The part to set down runs from the first line of the data below through the line with "Stock d'usine de", inclusive; write it exactly and leave out the pictures.

___ Task material ___

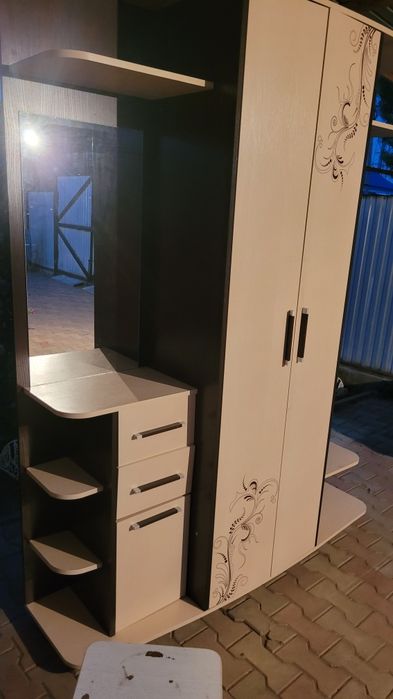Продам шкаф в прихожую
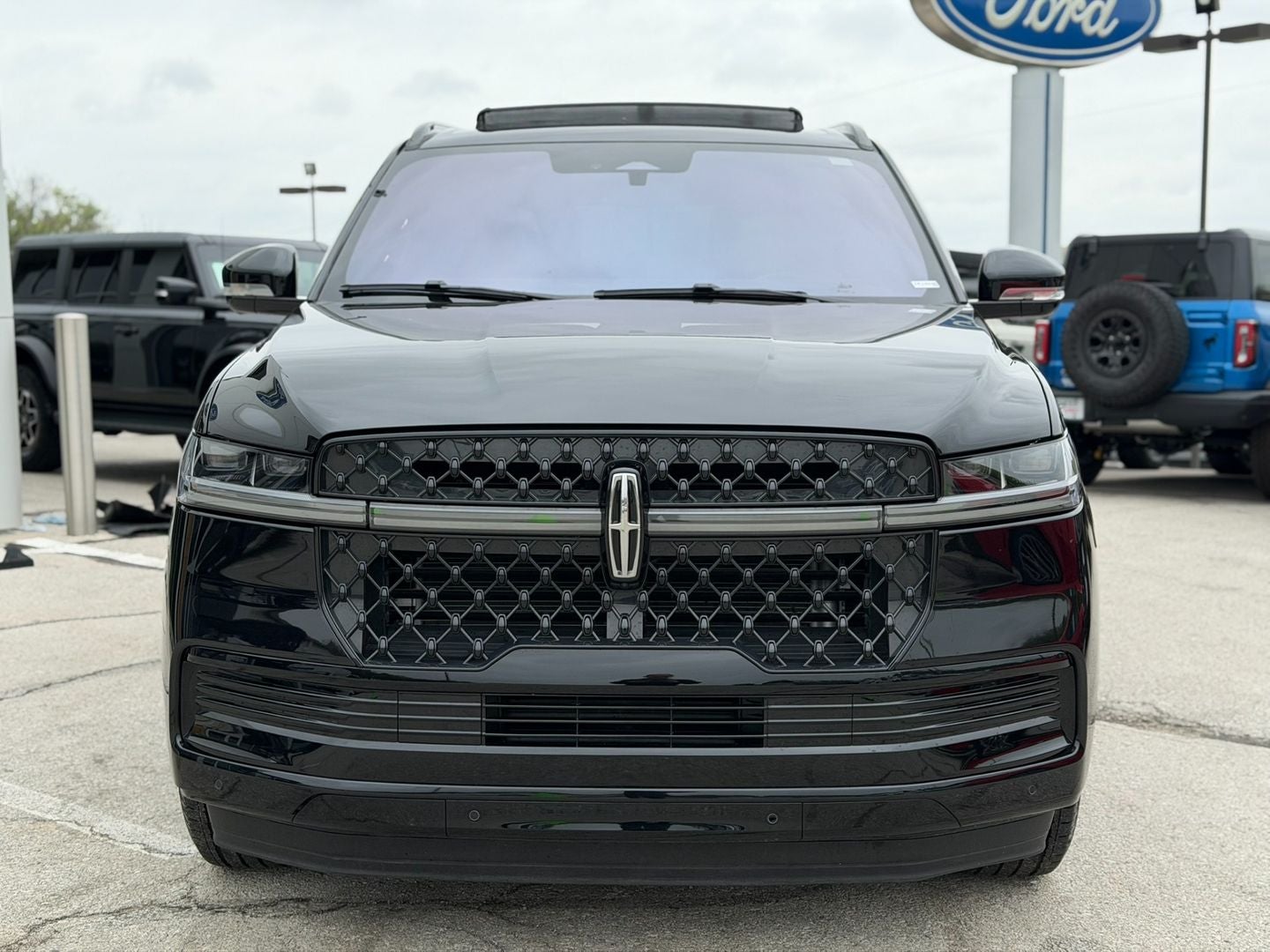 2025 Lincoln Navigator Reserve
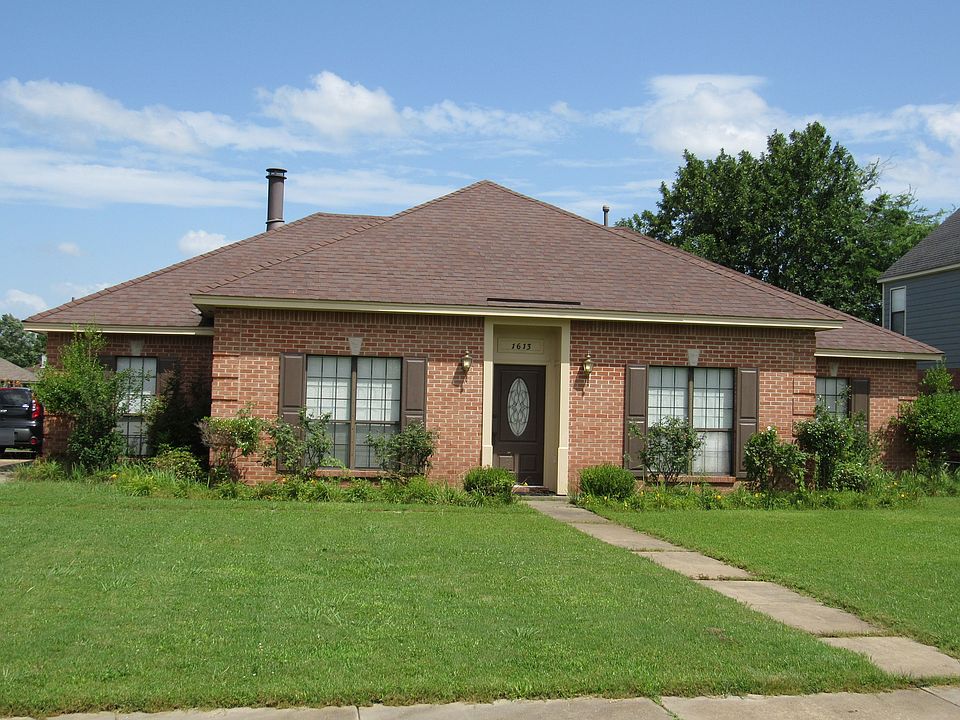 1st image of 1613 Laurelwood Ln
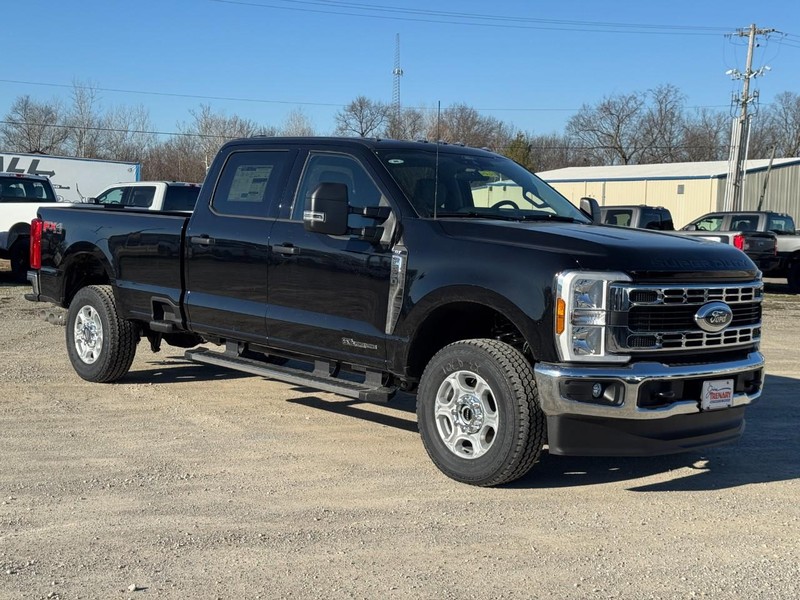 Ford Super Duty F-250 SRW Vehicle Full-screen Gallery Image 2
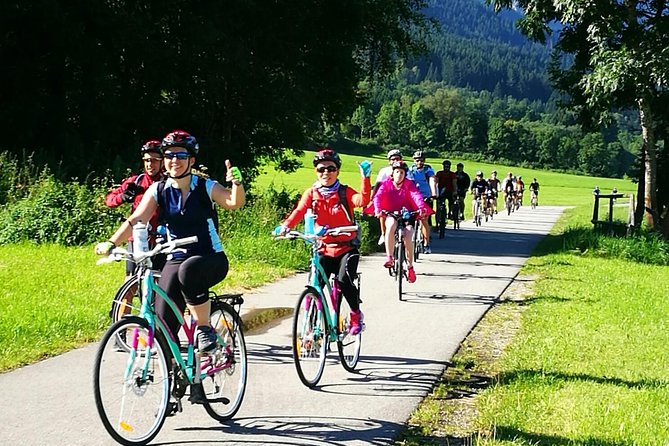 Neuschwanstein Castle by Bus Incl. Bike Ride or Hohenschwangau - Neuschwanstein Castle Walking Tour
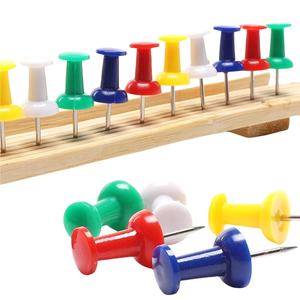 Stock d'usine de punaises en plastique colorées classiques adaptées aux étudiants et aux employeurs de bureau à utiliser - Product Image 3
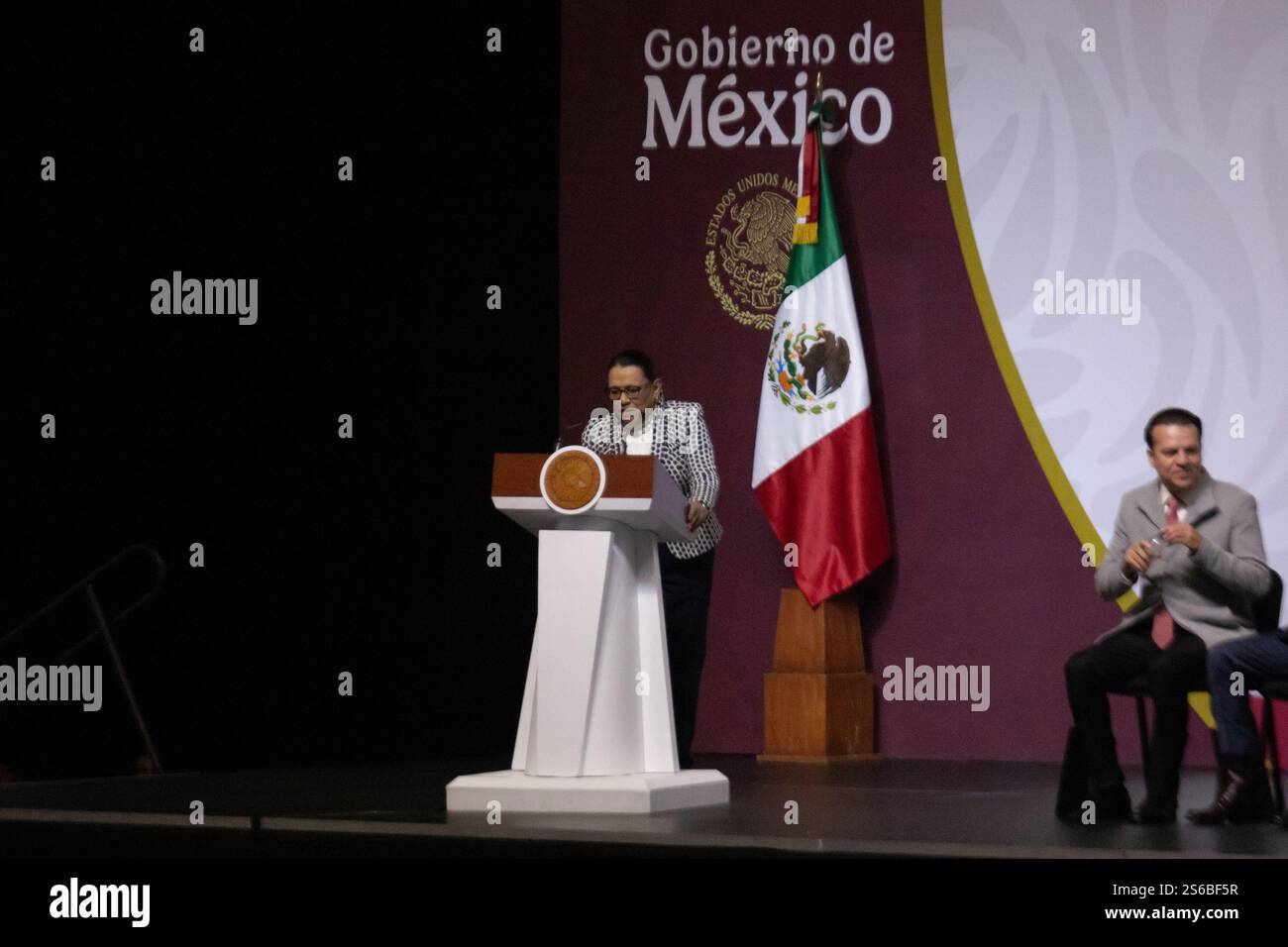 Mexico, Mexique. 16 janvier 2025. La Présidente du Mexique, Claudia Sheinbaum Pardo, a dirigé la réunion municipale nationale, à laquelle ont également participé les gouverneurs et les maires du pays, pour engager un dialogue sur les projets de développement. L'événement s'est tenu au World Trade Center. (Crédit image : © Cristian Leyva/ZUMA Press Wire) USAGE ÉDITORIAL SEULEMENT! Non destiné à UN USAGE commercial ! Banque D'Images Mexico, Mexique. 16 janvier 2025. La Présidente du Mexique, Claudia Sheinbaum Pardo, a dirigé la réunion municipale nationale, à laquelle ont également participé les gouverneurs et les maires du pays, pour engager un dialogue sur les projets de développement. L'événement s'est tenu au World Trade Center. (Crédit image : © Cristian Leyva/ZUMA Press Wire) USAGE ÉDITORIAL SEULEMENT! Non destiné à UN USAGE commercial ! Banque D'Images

___

Answer for this exercise:
Продам шкаф в прихожую
 2025 Lincoln Navigator Reserve
 1st image of 1613 Laurelwood Ln
 Ford Super Duty F-250 SRW Vehicle Full-screen Gallery Image 2
 Neuschwanstein Castle by Bus Incl. Bike Ride or Hohenschwangau - Neuschwanstein Castle Walking Tour
 Stock d'usine de punaises en plastique colorées classiques adaptées aux étudiants et aux employeurs de bureau à utiliser - Product Image 3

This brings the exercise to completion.